Briefcases are parked nose-to-nose at the foot of the walls and out of the way. Laptops are open, network connections are confirmed and everyone is wearing a name tag with someone else’s name.
In this, the sixth weekend of Michigan Political Leadership Program training, MPLP Fellows of the Class of 2016 were putting a new piece of software – called “Policymaker” – to the test. They were also testing their ability to collaborate and negotiate from a position that, uncomfortable or not, might not have been their own.
As part of an intense two-day simulation, MPLP Fellows were playing the roles of key legislators, Gov. Rick Snyder and executives from Michigan’s most powerful advocates – for and against – the state’s public and charter schools.
To stay in character, MPLP Fellow Stephen Wooden, of Grand Rapids, took off his tie and replaced it with a natty bow tie – what he has learned is daily neckwear for the charter advocate he played.
“For now, you are no longer who you were,” explained exercise leader Elisabeth Gerber, the Jack L. Walker, Jr collegiate professor of public policy in the Gerald R. Ford School of Public Policy at the University of Michigan. “Please do your best to be that person.”
She’d sent fellows a packet of materials the week prior outlining their new identity and the topic of the Kalamazoo weekend’s debate– a single change to Michigan’s law specifying who has the authority to approve new charter schools. Fellows were to do their homework: research their new role model, understand competing policy positions and prepare to guide the legislation they supported from committee to governor’s desk.
“Amendments are allowed. Of course, they not required,” Gerber told fellows. “Don’t be limited by the bill. Be creative. Don’t be too constrained.
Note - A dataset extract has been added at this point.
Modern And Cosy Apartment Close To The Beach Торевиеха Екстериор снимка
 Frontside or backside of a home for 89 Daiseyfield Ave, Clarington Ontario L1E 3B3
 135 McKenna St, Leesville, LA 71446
Think about how to move your position ahead.”
Throughout the simulation, MPLP Fellows used the Policymaker software for a variety of real-time, legislating tasks, from creating a profile, sending in-network emails and posting news feed updates to keeping notes and tracking votes.
From Friday night through Saturday morning, they relied upon the software and their wits to break into groups for strategy sessions and coalition building, produce strategy statements, keep a calendar of events, conduct a hearing on the legislation and any amendments raised, and ultimately, bring the proposed legislation to an up or down vote.
As Gerber walked the fellows through the “beta” or trial software and activity, to be followed by a debrief and evaluation, soft keyboard clicks sound behind her voice.
As she finished, fellows were on the move. Hands were shaken. Introductions were made and groups began to coalesce. Then suddenly bursts forth from among the groups– “I need a co-sponsor!”
As the evening passed, the small groups grew larger and word filtered in from the field. Stakeholders had formed a new group and given it a name: The Coalition to Defend School Choice. They’ve also built a website to influence the legislation.
Only one person seemed outside the initial debate – at least in early stages of the exercise. “It’s lonely being the governor,” observed MPLP Fellow Cathy White, of Livonia, who wore a Gov. Rick Snyder nametag.
Fellows were back in character at Saturday’s breakfast and Gerber and her team of development and design specialists from U of M’s Digital Innovation Greenhouse monitored emails to watch the legislation progress and helped the group move from simulated lobbying to a mock committee hearing.
“They were quick to find their strategies,” Gerber said. “Boom, they were right at it. They researched their districts ahead of time and the debate reflected that. They’ve done a really good job. It was great.”
Gerber is experienced in such simulations. She’s been a faculty leader of an integrated policy exercise, a three-day immersion experience designed for student groups even larger than MPLP’s 24 fellows.
It was the lobbying and negotiations that excited MPLP Fellow Michael Fisher, of Mt. Pleasant. “I learned how much I enjoy playing the ‘game,’” he said.
In the MPLP simulation, it fell to Khumbo Siwela, of Rockford, to chair the committee hearing. Without a gavel, she raised her voice to call for decorum and instructed lawmakers to use “plain language” before the proposed legislative change fell to defeat in a rollcall vote.
“It was so fun,” she said. “I did a lot of research. It was a great learning experience for me.”
“We won,” declared Wooden. Charter school advocates had organized quickly, making the status quo their preferred outcome, he explained. “This is the first time I even got to drive an agenda. It was fun,” he said.
Dan Quisenberry, president of the Michigan Association of Public School Academies, watched the fellows’ quick-step work and later joined with Sunil Joy, senior data and policy analyst with The Education Trust-Midwest, to outline the pros and cons of charter schools. “Some of the conversations seemed real,” he said.
The roleplaying seemed very real, said Nicole Brown, of Lathrup Village. It also taught her valuable lessons. “Be more succinct,” she said. “Be able to show who you are in a very short period of time.” The exercise and MPLP helps fellows learn about understanding other people’s viewpoints. “This program teaches us to see everyone’s side – whether they’re a Republican or a Democrat.”